**ACTION ITEM**.
Every entry below is to be returned unchanged. Images are not part of the copy.

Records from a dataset
==============================

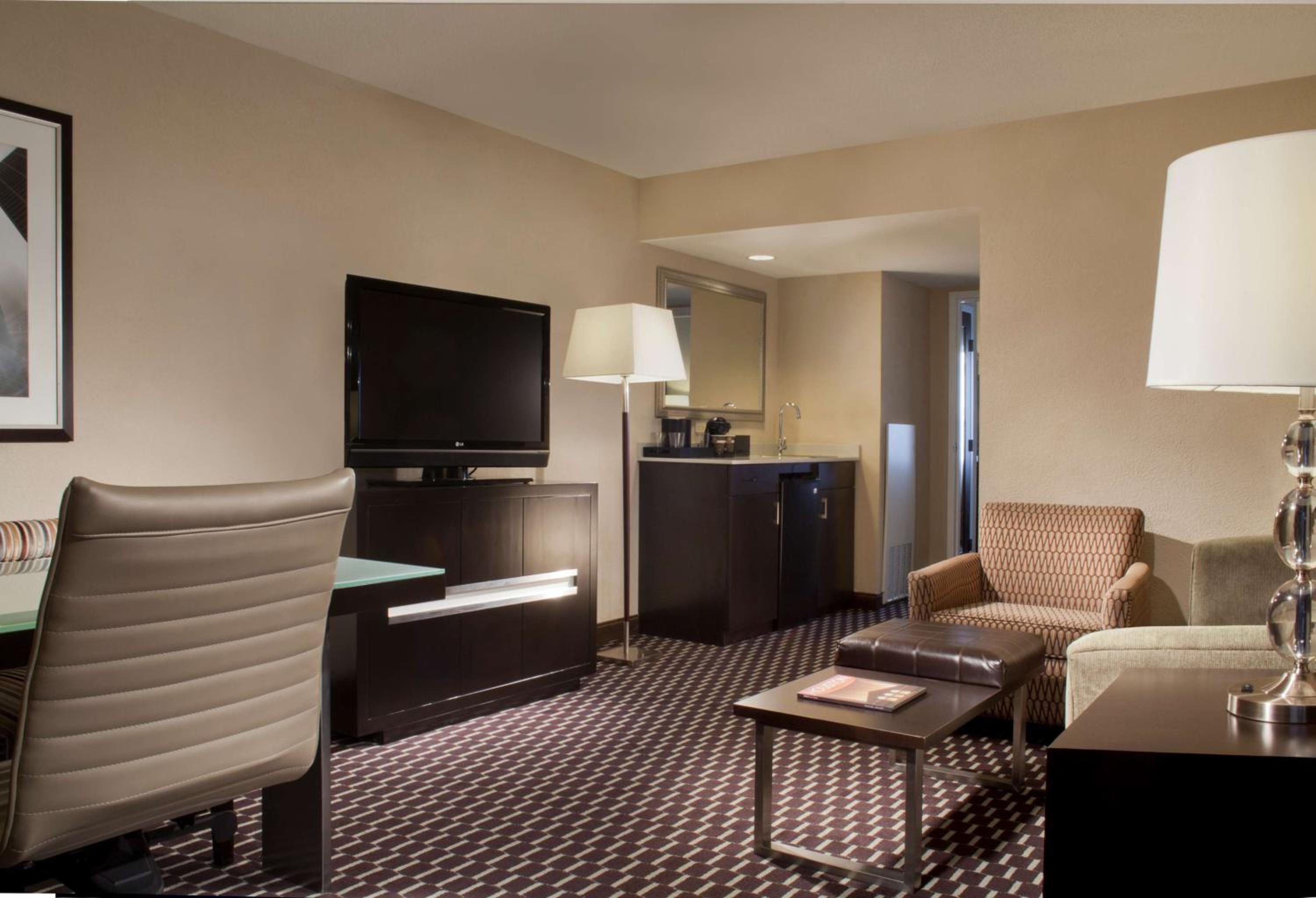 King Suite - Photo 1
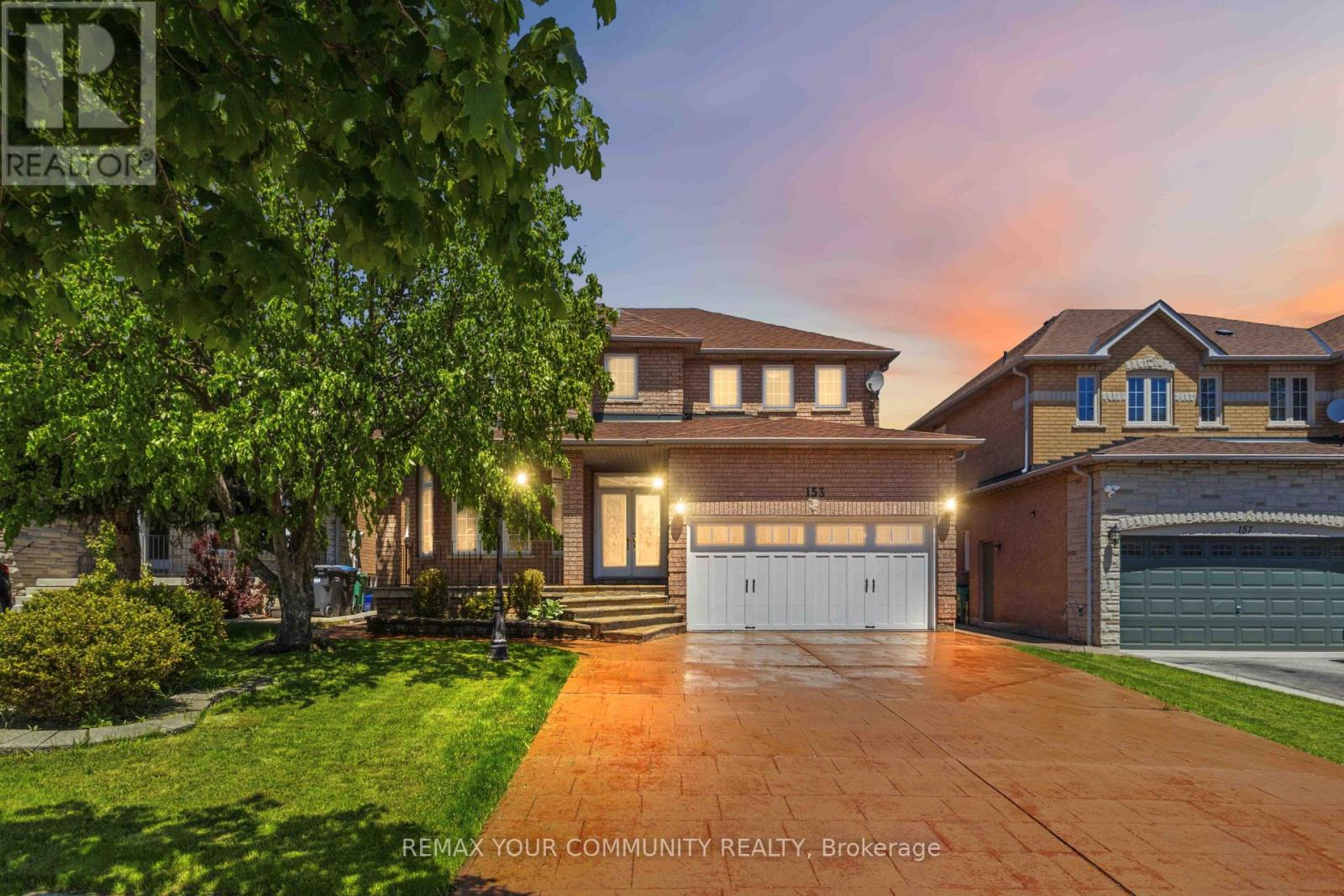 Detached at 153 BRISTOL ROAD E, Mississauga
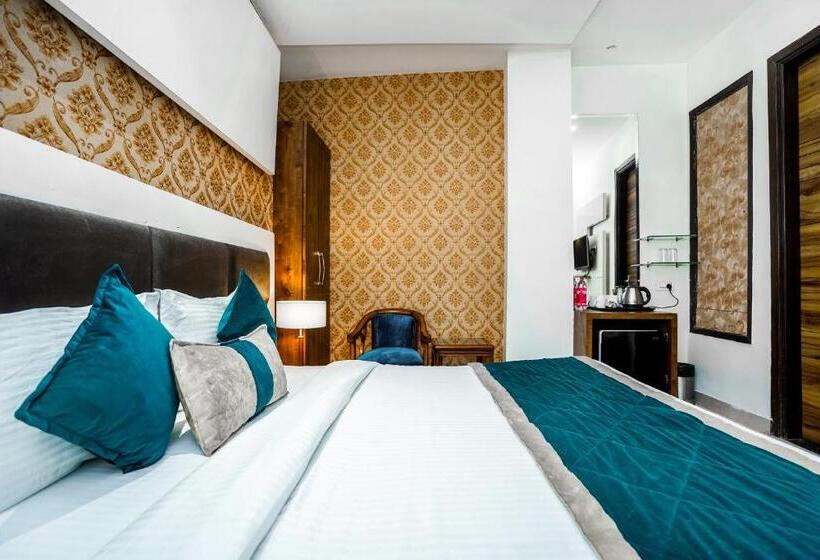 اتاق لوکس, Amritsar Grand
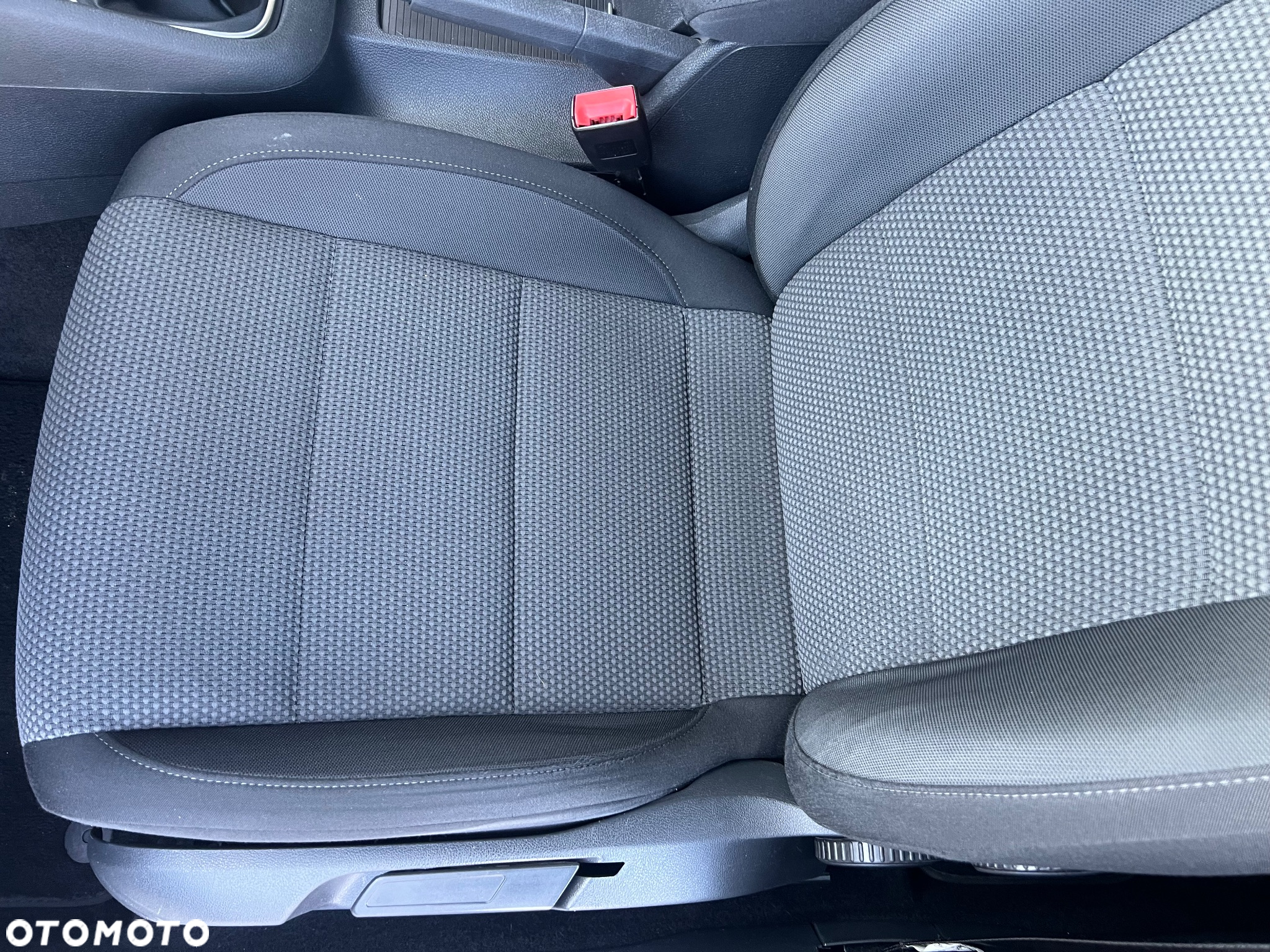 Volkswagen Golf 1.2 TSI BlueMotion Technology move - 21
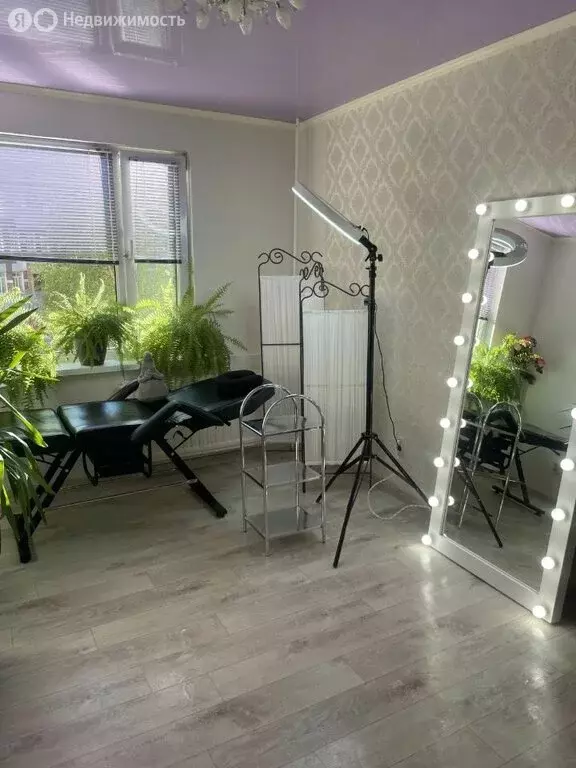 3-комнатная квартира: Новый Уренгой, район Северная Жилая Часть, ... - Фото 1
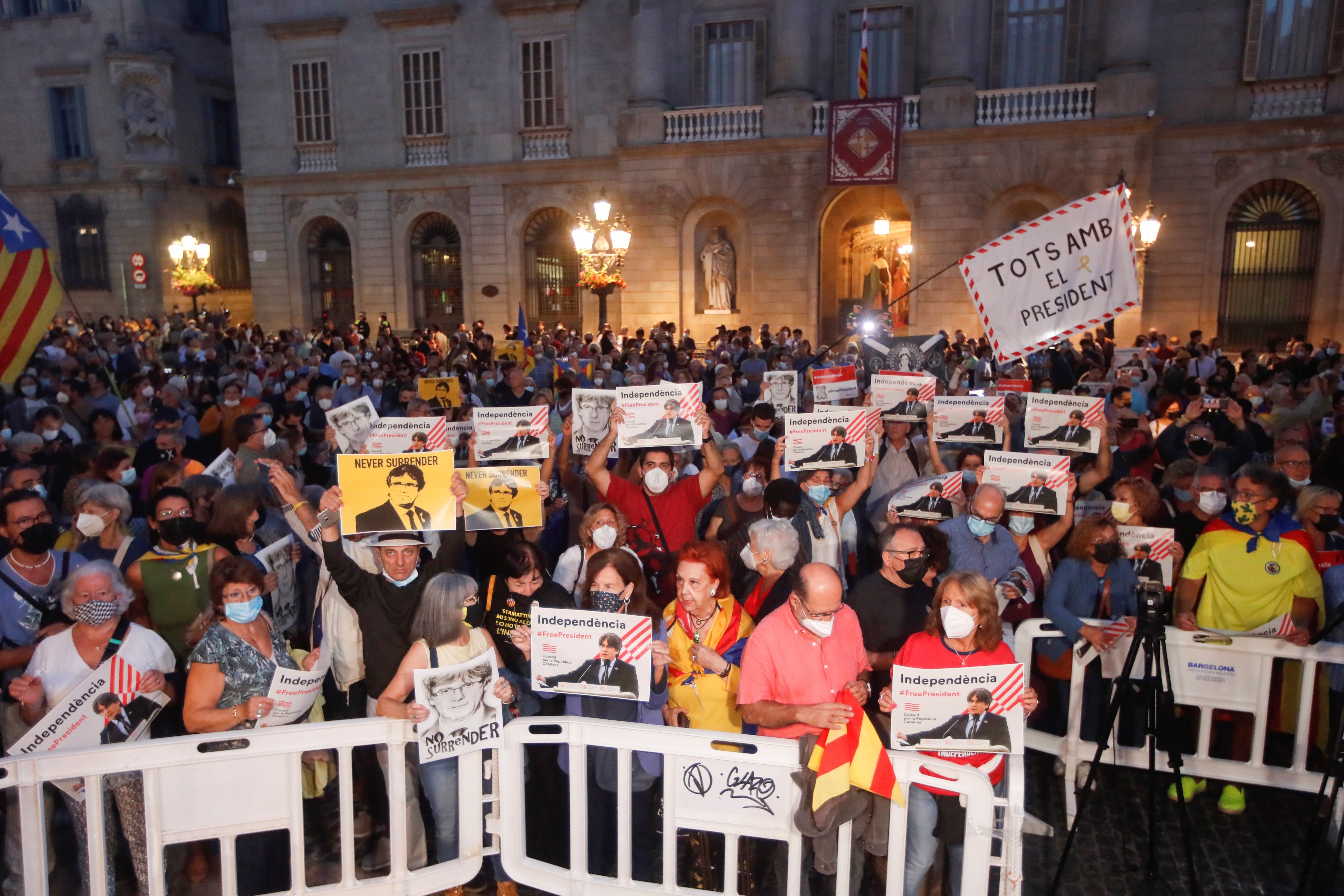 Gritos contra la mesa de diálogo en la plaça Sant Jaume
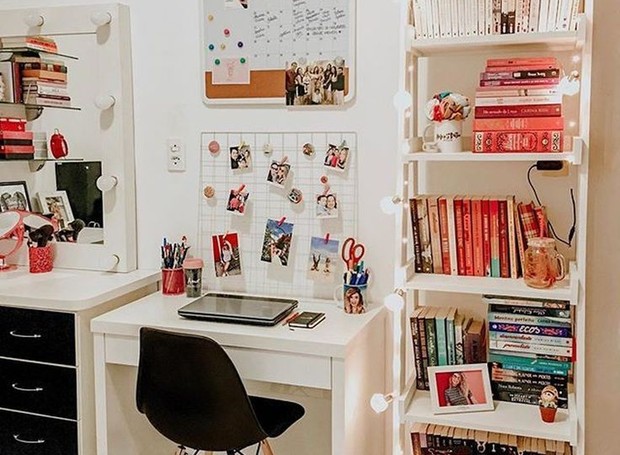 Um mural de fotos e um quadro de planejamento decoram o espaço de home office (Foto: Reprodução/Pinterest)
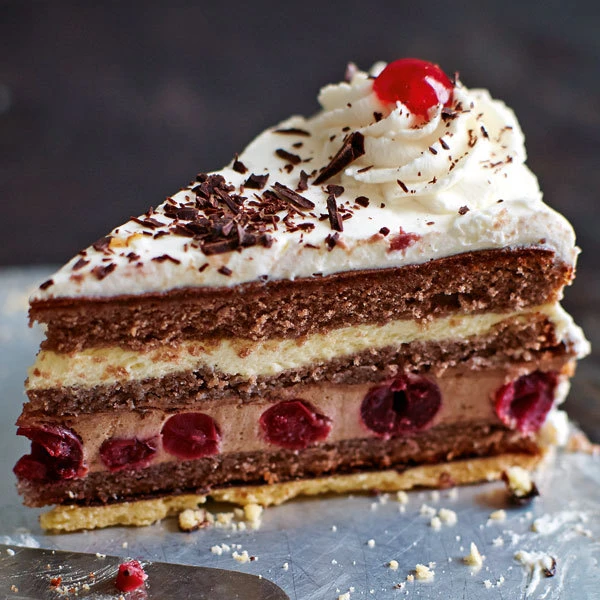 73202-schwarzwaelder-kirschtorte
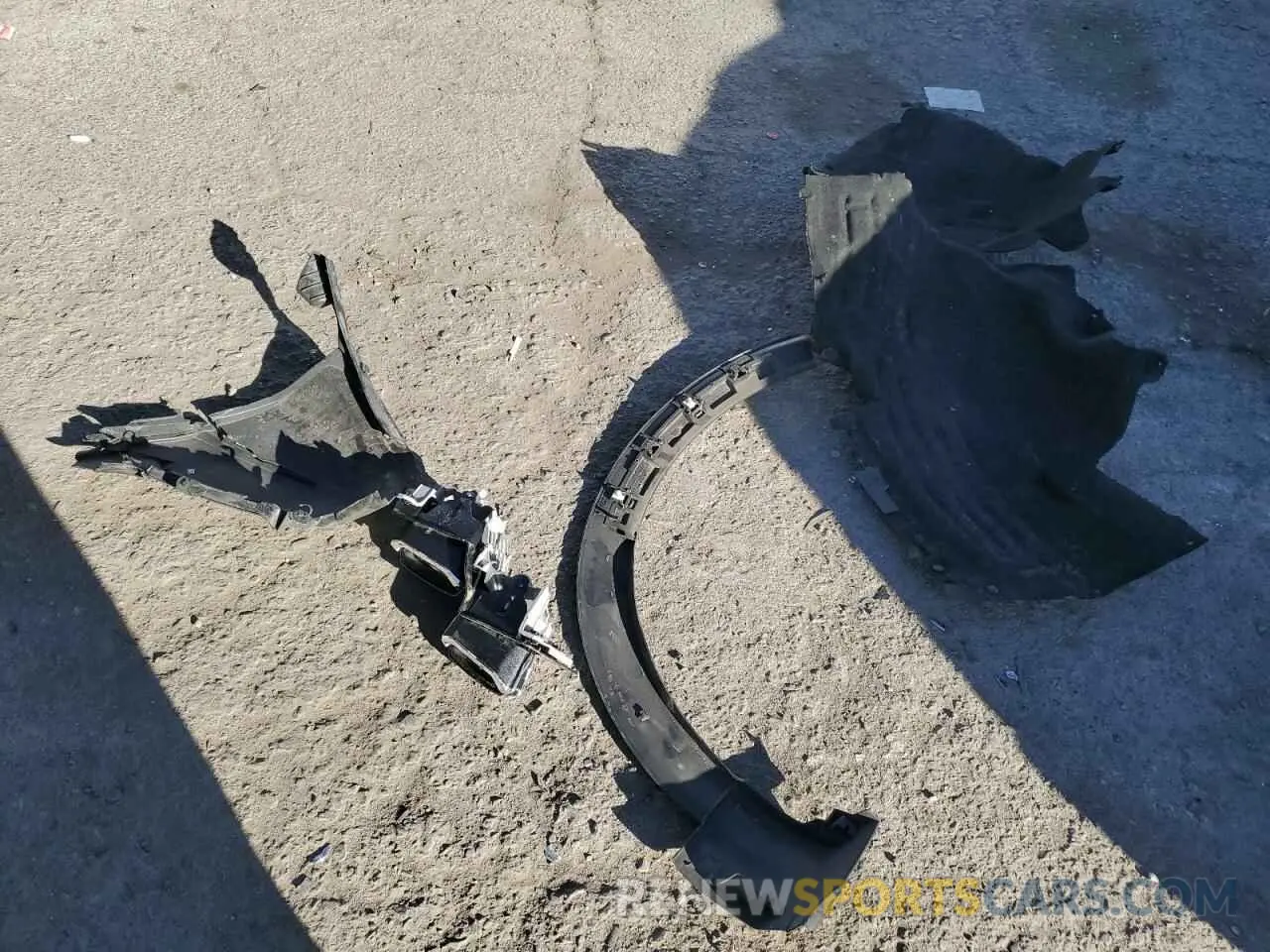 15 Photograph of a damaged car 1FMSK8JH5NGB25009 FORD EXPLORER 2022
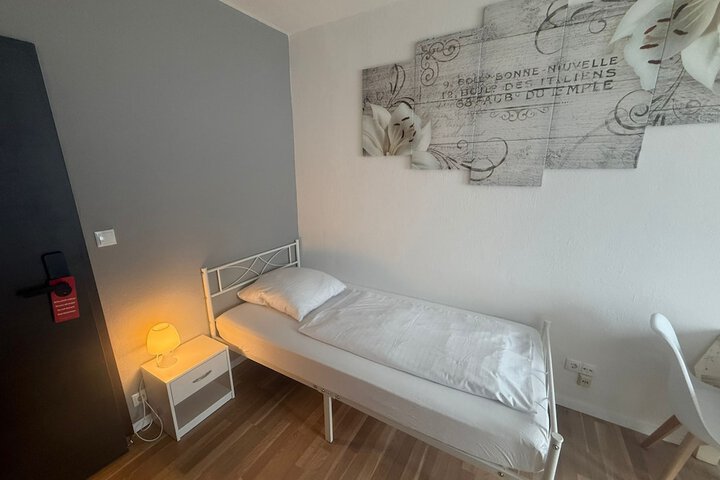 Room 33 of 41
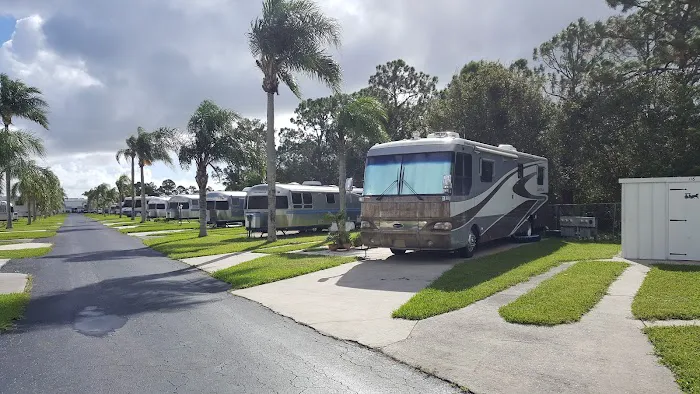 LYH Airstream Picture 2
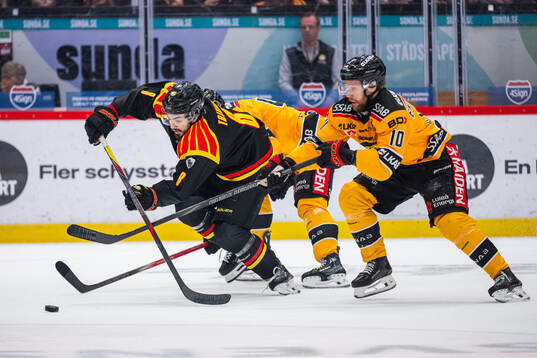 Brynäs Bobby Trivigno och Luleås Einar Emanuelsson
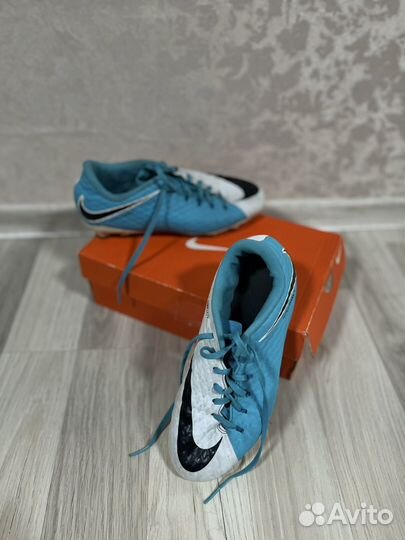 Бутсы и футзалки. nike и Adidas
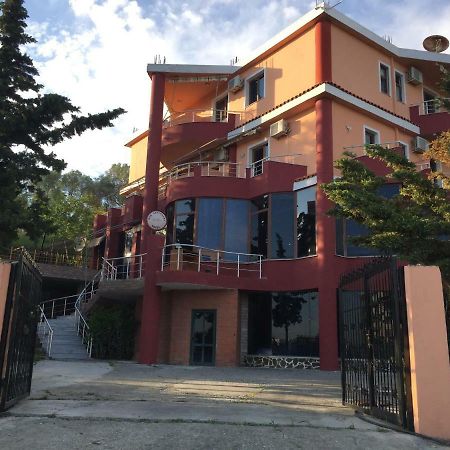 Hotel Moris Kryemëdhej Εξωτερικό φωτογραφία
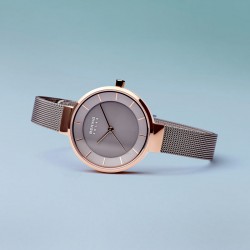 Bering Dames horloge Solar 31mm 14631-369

==============================

**EXERCISE RESULT**.
 King Suite - Photo 1
 Detached at 153 BRISTOL ROAD E, Mississauga
 اتاق لوکس, Amritsar Grand
 Volkswagen Golf 1.2 TSI BlueMotion Technology move - 21
 3-комнатная квартира: Новый Уренгой, район Северная Жилая Часть, ... - Фото 1
 Gritos contra la mesa de diálogo en la plaça Sant Jaume
 Um mural de fotos e um quadro de planejamento decoram o espaço de home office (Foto: Reprodução/Pinterest)
 73202-schwarzwaelder-kirschtorte
 15 Photograph of a damaged car 1FMSK8JH5NGB25009 FORD EXPLORER 2022
 Room 33 of 41
 LYH Airstream Picture 2
 Brynäs Bobby Trivigno och Luleås Einar Emanuelsson
 Бутсы и футзалки. nike и Adidas
 Hotel Moris Kryemëdhej Εξωτερικό φωτογραφία
 Bering Dames horloge Solar 31mm 14631-369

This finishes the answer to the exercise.